17) Make sure you two spend some quality time – without your children
For many couples, having children is a huge blessing – and a huge distraction, in regards to the relationship with their partner. You need to take care of your children, plan and help execute their daily activities, worry about their well-being, etc., etc. – and that day in and day out. By the time your kids are in bed, you are usually tired, and there’s very little energy left for any romantic feelings. But finding time to be alone together is a must – especially if you long for more romance. So, make sure to get a babysitter at least once a week and take some time out with your loved one.
When do you know if your relationship needs help?
Although everyone has their own opinion about what makes a relationship work, here are some questions to ask yourself, if you feel discouraged and want to find out whether your relationship needs help:
Q: Do you feel like you must ask permission from your partner before making any decisions?

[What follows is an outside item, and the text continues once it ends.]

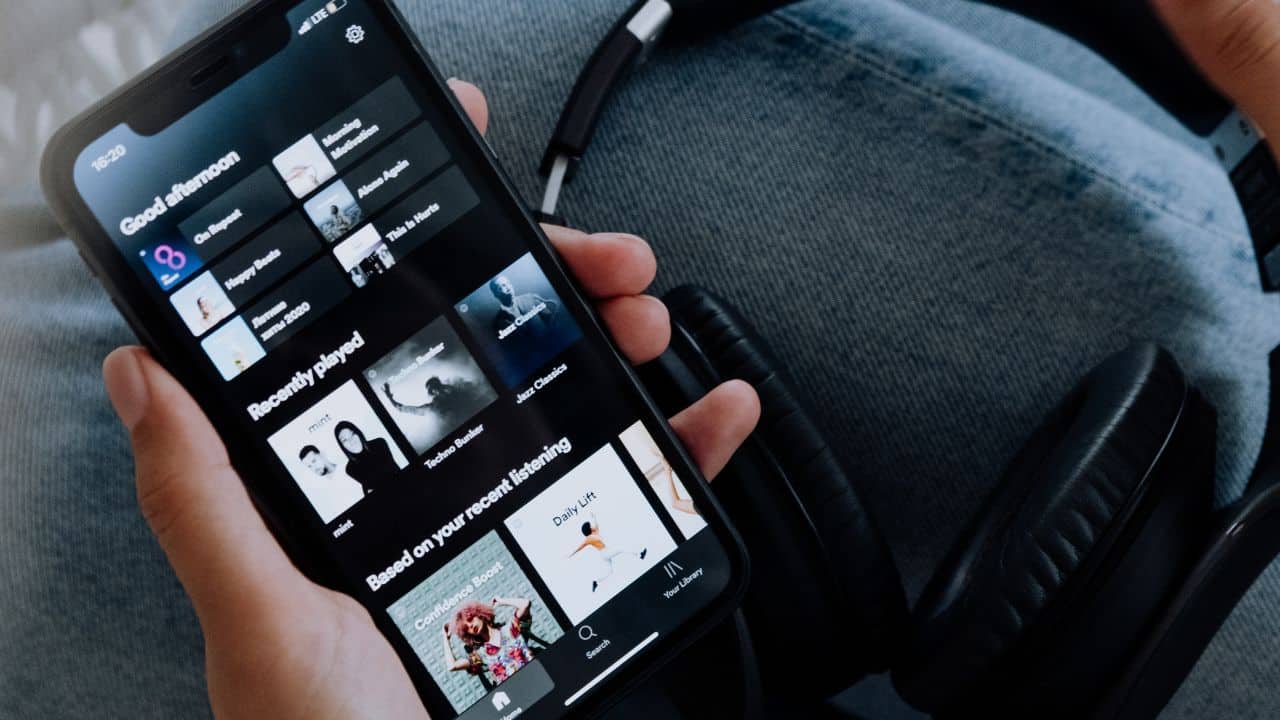 What Is The Alt Z Music Genre On Spotify, Artists And Its Meaning Explained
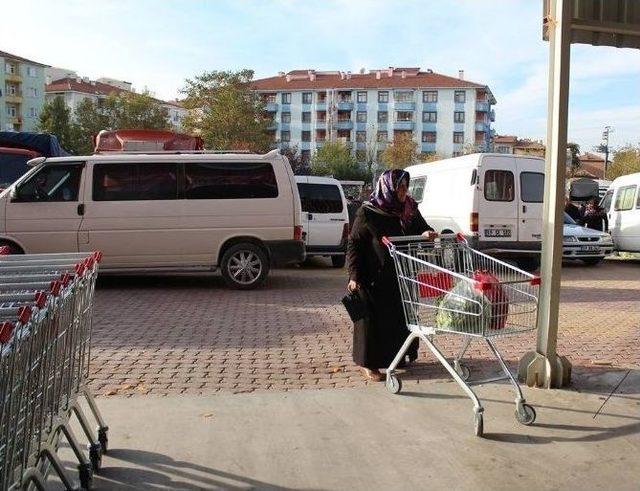 Sungurlu Belediyesi’nden Pazar Arabası Uygulaması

Q: Is there a lot of unnecessary arguing between you and your partner?
Q: Does it seem like every time you want to do something, it takes a long time for you and your spouse to agree on what to do?
Q: Does your spouse expect you to constantly do things for him, like cooking dinner or taking out the trash?
Q: Does your relationship seem rigid when it comes to rules and expectations?
If any of these questions are true in your current situation, you may first want to talk to your partner about it. I he shows no interest in talking, you may need some outside help.
Final Thoughts
Good relationships may be hard to find, but the wait is worth it. The secret to keeping a happy and romantic relationship is probably communication and mutual respect. Listen to each other, even if you disagree. Be kind and patient. Encourage and affirm each other. Show and express love to one another and forgive each other’s mistakes – this will make your relationship stronger and help to re-kindle that fire of romance.